- **EXTRACTED INFORMATION**

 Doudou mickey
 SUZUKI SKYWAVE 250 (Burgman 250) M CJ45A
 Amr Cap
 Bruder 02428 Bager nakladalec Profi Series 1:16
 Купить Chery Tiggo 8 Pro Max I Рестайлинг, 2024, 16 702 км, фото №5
--
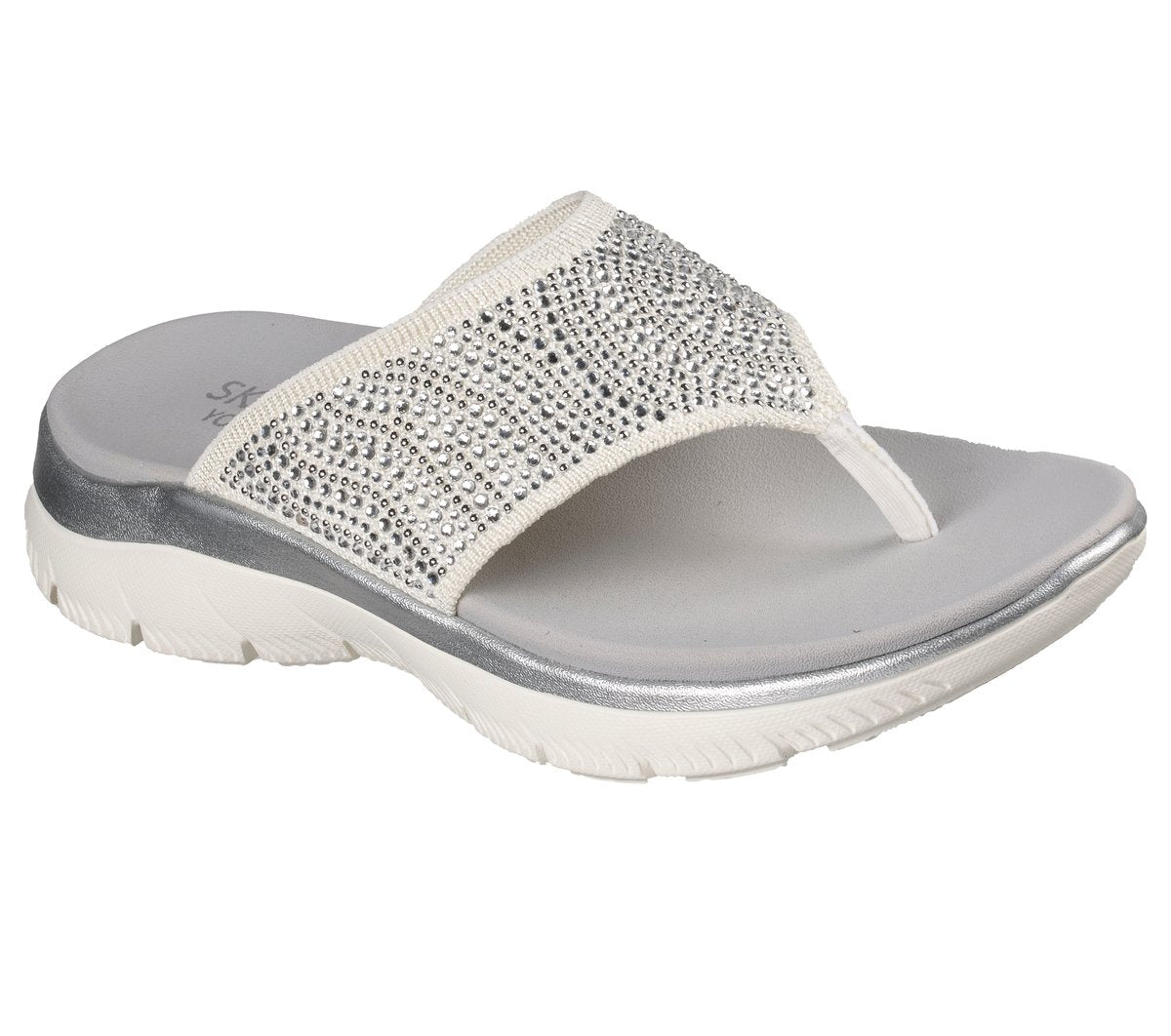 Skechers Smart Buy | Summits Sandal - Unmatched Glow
--
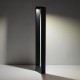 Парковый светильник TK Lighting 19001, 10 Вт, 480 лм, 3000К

- **WHAT YOU WILL DO**
Look back at the entries above. Retype the line with "Doudou mickey", the line with "Купить Chery Tiggo", and all lines in between.

- **RESPONSE**
 Doudou mickey
 SUZUKI SKYWAVE 250 (Burgman 250) M CJ45A
 Amr Cap
 Bruder 02428 Bager nakladalec Profi Series 1:16
 Купить Chery Tiggo 8 Pro Max I Рестайлинг, 2024, 16 702 км, фото №5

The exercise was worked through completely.